The lead story in the Observer on May 21, 2009 concerned the slackness of Civil Servants in Jamaica. The town fathers and business leaders have had enough and demanding that our government straighten out the mess. According to Mr. William Mahfood, "Crime, energy cost, high interest rates and bureaucracy continue to hamper production." President of the Jamaica Manufacturers' Association (JMA) Omar Azan believes that bureaucracy was stifling businesses. "Bureaucratic red tape is a major issue." In a clear admission that this is a problem, the Hon. Karl Samuda, Jamaica's Minister of industry, investment and commerce said: "Bureaucracy is going to suck the lifeblood out of any chance we have of recovery," By one subterfuge or another, too many of our good citizens do not paying property or income taxes, Most of our land (2,692,587 acres) is not properly registered and it is futile navigating government bureaucracy. We all clamor for reform but only for everybody else. With this attitude, we will forever be defeated by the bureaucracy.

As a returning expatriate, I continue to enthusiastically encourage other expatriates to return. It was a good decision for my wife and me. We are having a fabulous time. Most of us, if not all, can contribute a wealth of experience, capital and human resources to this incredible country. However, working through the bureaucracies have not been encouraging. My experience so far leads me to believe that the institutions of Jamaica are incapable of functioning efficiently.

Whether applying for a US phone number or assisting my wife with a permanent visa and work permit, the system seems to be designed to prevent or stymie citizens from transacting business in an efficient and effective manner. I am not exaggerating when I tell you that they go out of their way to obstruct progress if you don’t know “somebody”. This emphasis on citizens having to be "nice and respectful" and not being facey is completely out of control. Everyone walks on pins and needles and are deathly afraid to offend public servants or their paperwork will be sabotaged or they will be made to jump through additional hoops. Public servants here actually believe that having citizens wait all day hungry, thirsty and tired for services to which they are entitled is acceptable; and you dear not object or you will go to the end of the line. Whether it's to cash a check or getting something approved, except when it rains, the lines are endless. There is no respect for citizens time.

According to Mr. Norman Thompson, writing about: Inefficient checks by Island Traffic Authority: “You could have upwards of 60 taxis waiting in line on any day. Taxis come not just from Manchester, but from Clarendon and St Elizabeth. On Thursday, April 7, the inspector arrived at 11 a.m. and left at 3/3:30 p.m. Apparently, there is a shortage of motor-vehicle inspectors, and this one came from another parish. A taxi operator from Newmarket, St Elizabeth, had to return home without his vehicle being checked. At least one driver left his vehicle overnight in order to have a place at the front of the line. One driver thought he had arrived early (maybe at 7 a.m.), only to find 15 vehicles ahead of him.” (Jamaica Gleaner, April 23, 2011). Shouldn't the government try to facilitate rather than hinder? Are civil servants our bosses or should they at least try to serve the people?

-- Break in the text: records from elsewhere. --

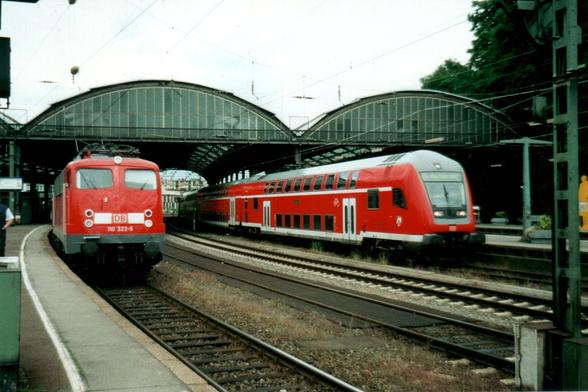 Loco 110 322 et voiture pilote à deux étages en gare d'Aachen-Hbf - 08.06.2002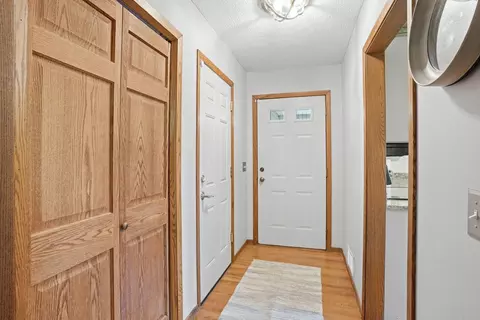 Entry Way - 876 Curry Trl, Eagan, MN 55123 photo 2 of 5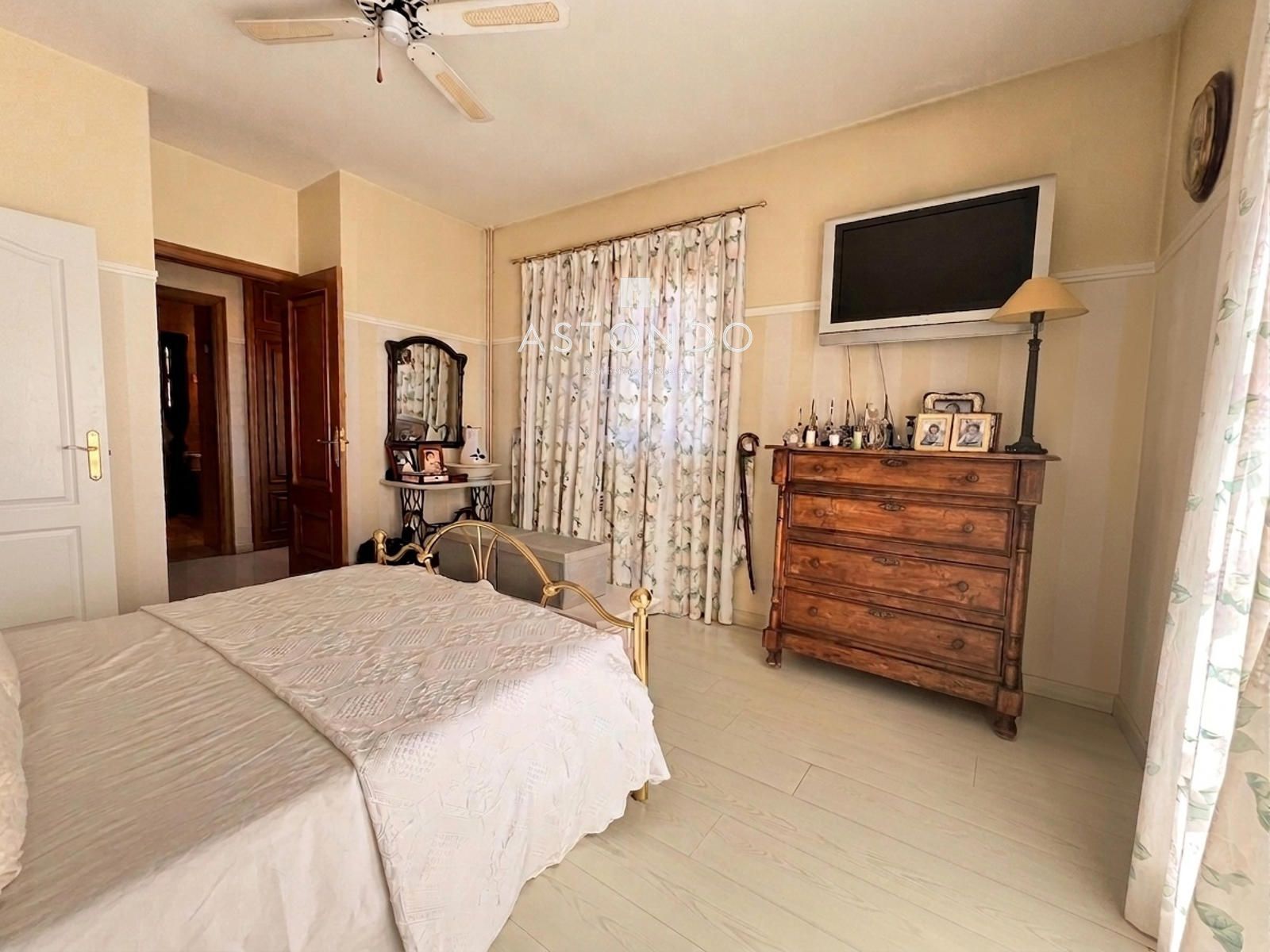 Chalet independiente en venta en Conde Orgaz con 6 dormitorios, 5 baños, piscina y jardín. - Foto 24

Expatriates have lived in countries that have an infrastructure designed to assist the average person to transact business because transactions means that money is exchanging hands and if money exchanges hands, the system is that much richer. What I have run into instead, much to my chagrin and dismay, are civil servants who are inefficient, disrespectful and at times seem to make up rules to suit themselves. This level of bureaucratic morass is beyond any reason that I can fathom.

I offer this as another example, as a returning resident, I have had to register a business, obtain a driver’s license, an NIS number, a TRN number as well as open several bank accounts. My experience is mixed. On the one hand, the Registry of Companies and the Drivers License Division are in a class by themselves for inefficiency. These divisions are a travesty. Whoever devised them must have attended the Rube Goldberg School of Business. Rube Goldberg as you may know, devised contraptions for making the simplest transactions into the most complicated. On the other hand, obtaining a birth certificate, and obtaining NIS and TRN numbers were faultless. Some departments do get it right.

Due to government regulations, the requirements for opening a simple bank account is defies logic. I have a few rass words for bureaucrats who devised the banking rules. They actually hold onto checks written on American banks for 90 days before you can use your money and no interest is paid in the interim.

For the uninitiated, here are the steps to open an account:

1. You must account for how you got the money you are proposing to deposit;
2. Obtain two letters of recommendation from a Justice of the Peace, notary
or some similar VIP attesting to your character; (If you lie, cheat and cannot get someone important to attest to your character, you cannot open an account no matter how much money you have.)
3. Submit a projected income and expense for the upcoming year as well as anticipate how many transactions you will have per year;
4. Show proof of your residence in the form of a bill from a utility company with your name as the owner of the property; (If you are a cultivator living in country, do not have bills as well as people who live in hotels or “Kotching”, you cannot have a bank account;
5. Purchase a “seal”. (The only purpose for this requirement is to generate income for the people who make these seals. The cost is $3,000!)
6. Have a Tax Payer Registration Number and a driver’s license. (I gave up trying to get a Jamaica credit card.)
7. Have your signature card certified by a Justice of the Peace or Notary.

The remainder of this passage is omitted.